L’Indien à la bouche cruelle, aux paroles rares et empesées de sagesse, c’est sans doute à ses muscles faciaux et son vocabulaire autrefois restreint en anglais qu’on doit cette légende. Car ceux que j’ai connus sont de grands fantaisistes.
Marcus, un Santo Domingo Pueblo au masque austère rendu d’autant plus sombre qu’il n’aimait pas trop ma blancheur – avoir le cœur blanc n’est pas un atout dans sa tribu – me fait encore rire à son insu : sa femme et ses filles m’ont montré une photo de lui, les lèvres maussades mais les mains polissonnes et baguées de turquoises soutenant deux melons enfilés sous sa chemise.
Un autre Indien du même pueblo a tout simplement adoré ma traduction d’une chanson française connue de tous les blagueurs d’antan, Le duc de Bordeaux. « C’est comme ce qu’on chante au village » a-t-il dit, ravi.

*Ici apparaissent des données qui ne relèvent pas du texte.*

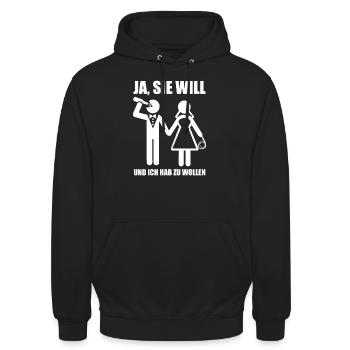 Junggesellenabschied Polterabend JGA Sie will - Unisex Hoodie - Schwarz - Vorne - Alina (178cm) & Michal (187cm)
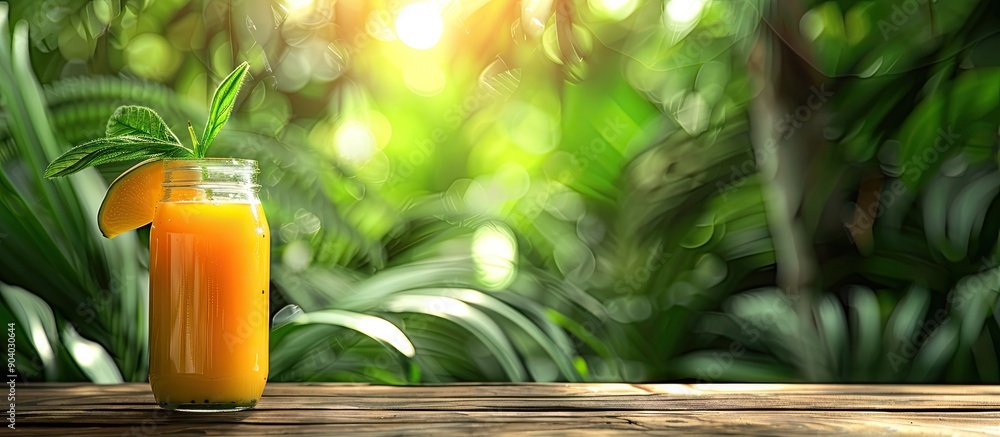 Poster health drink made from bael fruit juice displayed on a wooden table with copy space image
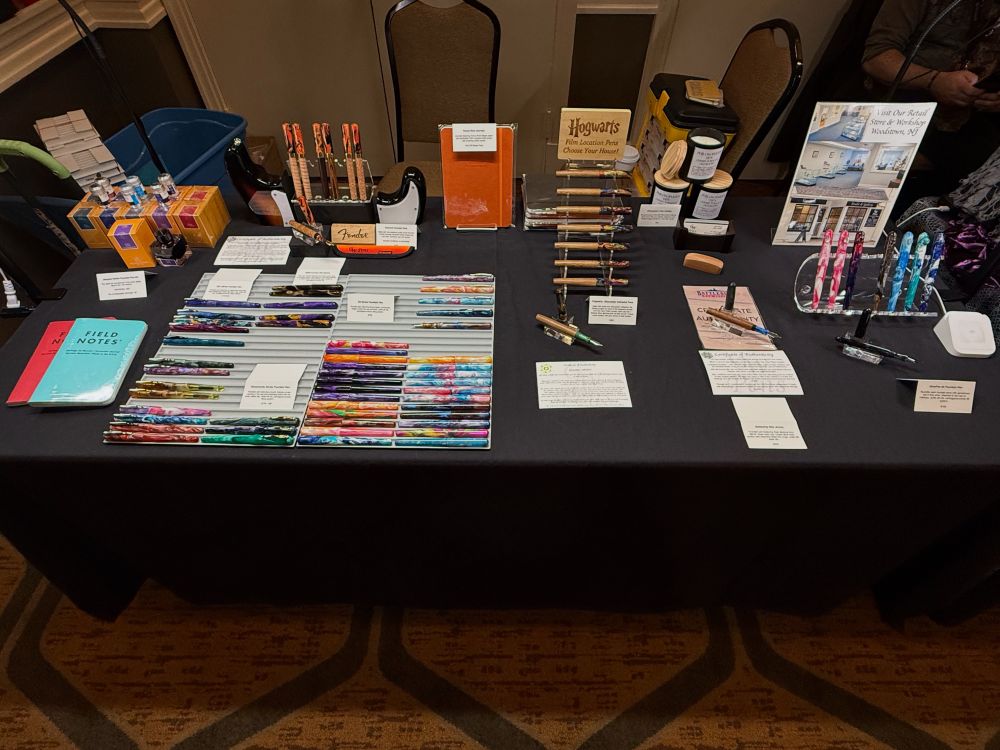 The GW Pens table at the Triangle Pen Show with a variety of fountain pens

Lors du tournage du film « Cheyenne Autumn » de John Ford, ce sont des Navajos qui ont eu les rôles de Cheyennes. Après tout, pour nous les blancs, on n’y voit que du feu et les Indiens principaux étaient des blancs en perruques et fond de teint. Et ces Navajos se sont amusés à dire tout ce qu’ils connaissaient d’irrévérencieux lors des scènes où, imperturbables et d’une dignité à nous faire sentir bien humbles, ils échangeaient des paroles historiques.
Le livre « La robe noire » de Brian Moore - qui a donné naissance au magnifique film du même nom - regorge de gros mots (soigneusement transcrits et traduits par les Jésuites horrifiés de l’époque) qui nous laissent pantois et ont poussé les Jésuites à affirmer que les Algonquins étaient des dégénérés. Et les noms imagés par lesquels ces « nobles sauvages » s’identifiaient entre eux ont, trop souvent hélas, été censurés par la plume puritaine des traducteurs/recenseurs. Mais oui, qu’ils rient ! Et pas un peu…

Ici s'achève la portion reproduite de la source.